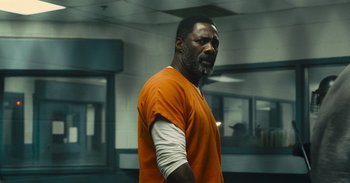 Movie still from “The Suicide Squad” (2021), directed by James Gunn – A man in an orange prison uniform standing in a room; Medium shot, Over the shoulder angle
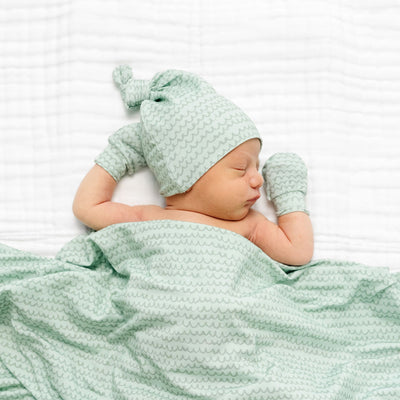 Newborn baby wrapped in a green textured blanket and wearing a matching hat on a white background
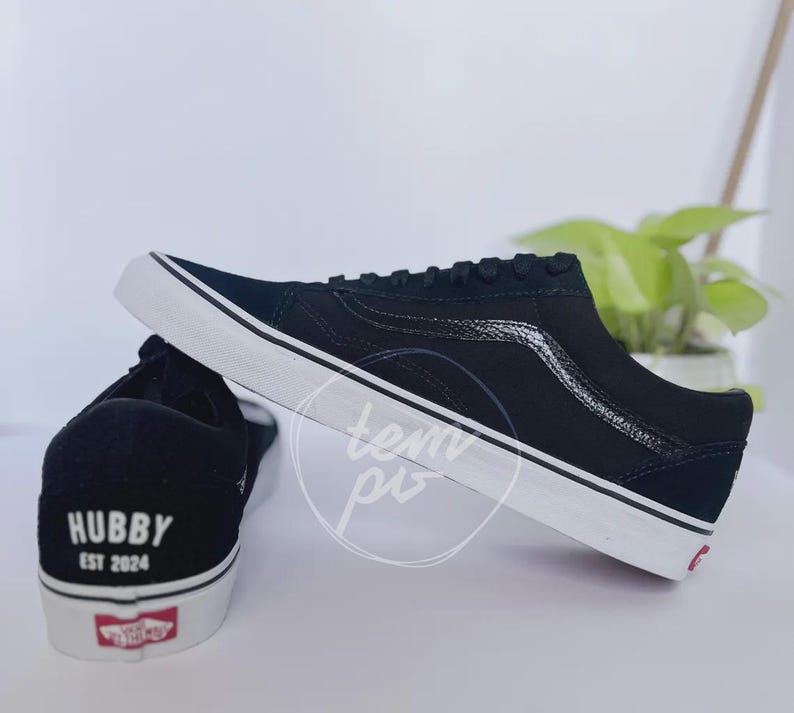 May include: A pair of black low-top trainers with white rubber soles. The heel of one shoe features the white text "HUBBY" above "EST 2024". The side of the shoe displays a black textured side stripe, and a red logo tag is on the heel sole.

---

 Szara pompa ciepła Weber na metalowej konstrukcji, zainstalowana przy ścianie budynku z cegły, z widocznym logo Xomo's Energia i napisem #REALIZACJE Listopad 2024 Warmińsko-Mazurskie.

* Work required:
Starting with the line that has "Movie still from" and ending with the line that has "May include: A", repeat the lines above exactly, omitting every picture.

* Answer to this problem:
 Movie still from “The Suicide Squad” (2021), directed by James Gunn – A man in an orange prison uniform standing in a room; Medium shot, Over the shoulder angle
 Newborn baby wrapped in a green textured blanket and wearing a matching hat on a white background
 May include: A pair of black low-top trainers with white rubber soles. The heel of one shoe features the white text "HUBBY" above "EST 2024". The side of the shoe displays a black textured side stripe, and a red logo tag is on the heel sole.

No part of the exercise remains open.